======== MATERIAL FOR THIS EXERCISE

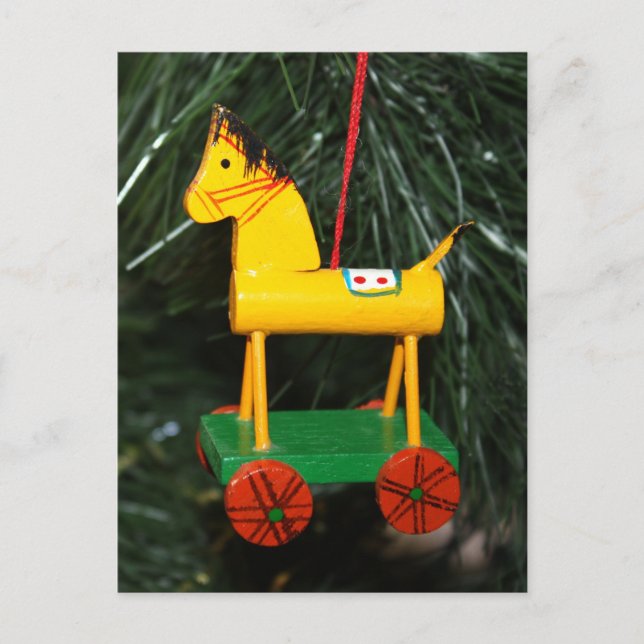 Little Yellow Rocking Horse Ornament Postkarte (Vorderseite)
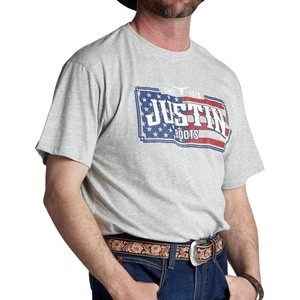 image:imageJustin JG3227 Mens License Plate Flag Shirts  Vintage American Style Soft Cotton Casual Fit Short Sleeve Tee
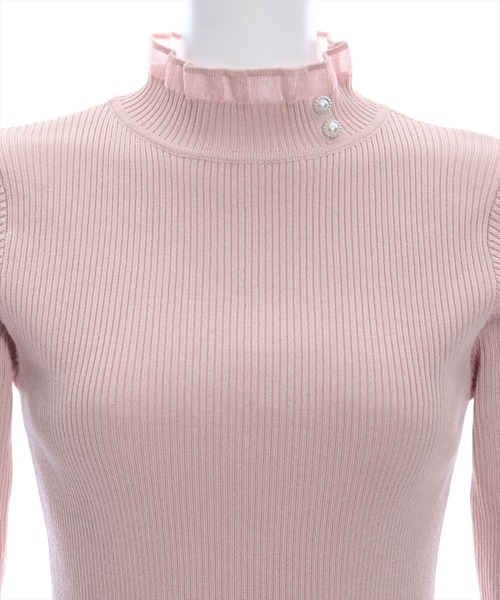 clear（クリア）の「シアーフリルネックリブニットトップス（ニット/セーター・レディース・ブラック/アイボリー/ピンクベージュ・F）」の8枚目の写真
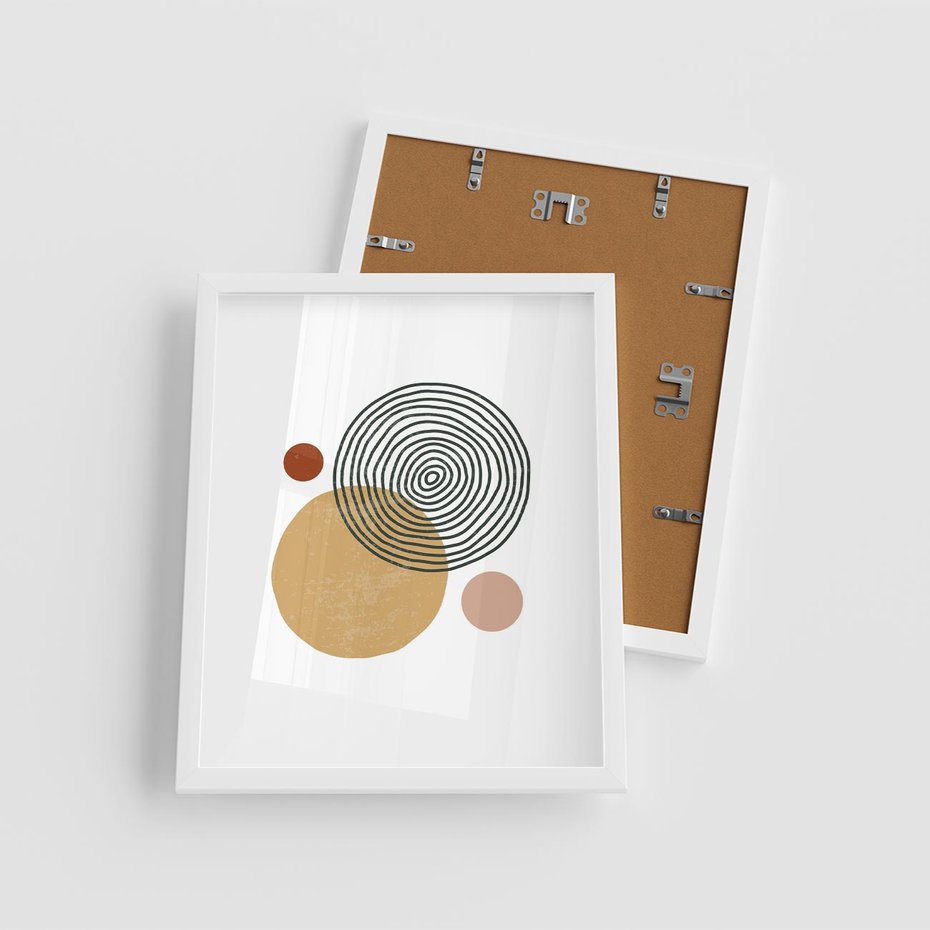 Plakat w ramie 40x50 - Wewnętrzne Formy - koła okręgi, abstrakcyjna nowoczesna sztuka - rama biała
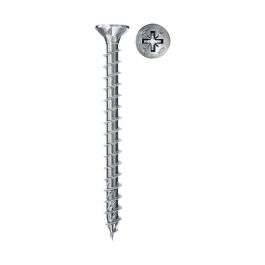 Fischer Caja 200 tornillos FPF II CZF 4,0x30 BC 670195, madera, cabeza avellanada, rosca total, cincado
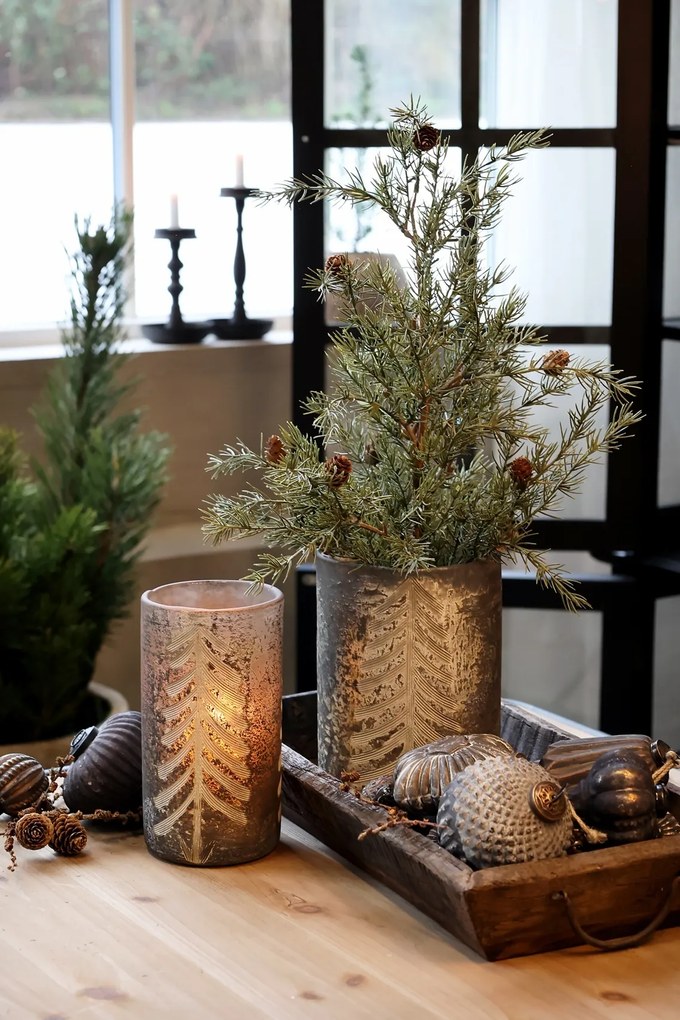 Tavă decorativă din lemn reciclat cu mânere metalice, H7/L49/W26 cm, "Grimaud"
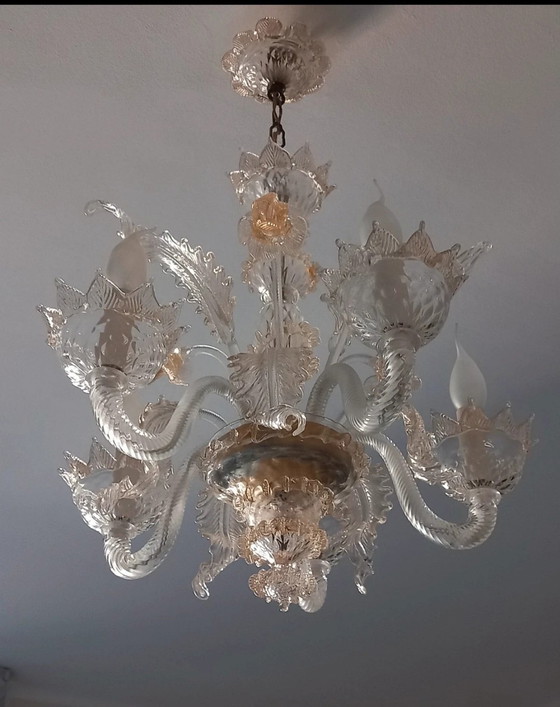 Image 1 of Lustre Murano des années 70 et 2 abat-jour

================
======== MATERIAL FOR THIS EXERCISE

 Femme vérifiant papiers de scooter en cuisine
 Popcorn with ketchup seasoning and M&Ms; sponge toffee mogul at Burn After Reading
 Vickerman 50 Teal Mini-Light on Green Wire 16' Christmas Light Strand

================

• WHAT YOU WILL DO:
Please reproduce the lines from the line with "Popcorn with ketchup" to the line with "Vickerman 50 Teal", both ends included, exactly as they appear above.

• OUTPUT OF THE TASK:
 Popcorn with ketchup seasoning and M&Ms; sponge toffee mogul at Burn After Reading
 Vickerman 50 Teal Mini-Light on Green Wire 16' Christmas Light Strand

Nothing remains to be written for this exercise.